**PROBLEM DETAILS:**
Leave out the pictures and reproduce all of the data exactly.

START DATA SEGMENT

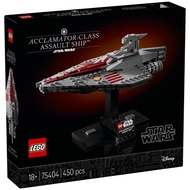 LEGO Star Wars 75404 Acclamator-Class Assault Ship™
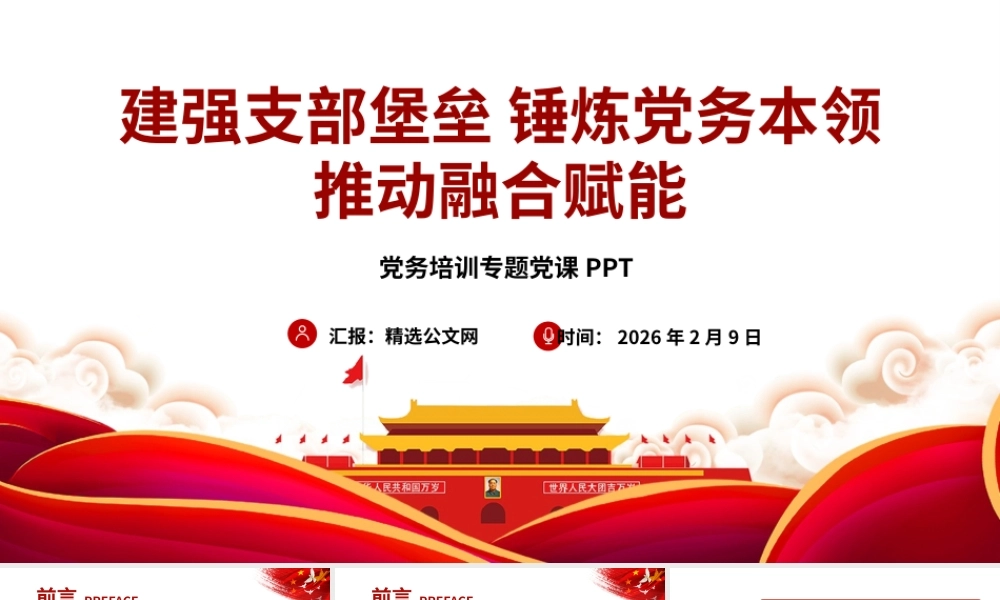 党务培训课件PPT：建强支部堡垒锤炼党务本领推动融合赋能.pptx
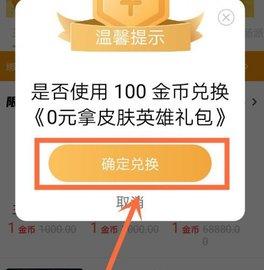 v10玩家破解版免广告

END DATA SEGMENT

**RESPONSE TO THIS EXERCISE:**
 LEGO Star Wars 75404 Acclamator-Class Assault Ship™
 党务培训课件PPT：建强支部堡垒锤炼党务本领推动融合赋能.pptx
 v10玩家破解版免广告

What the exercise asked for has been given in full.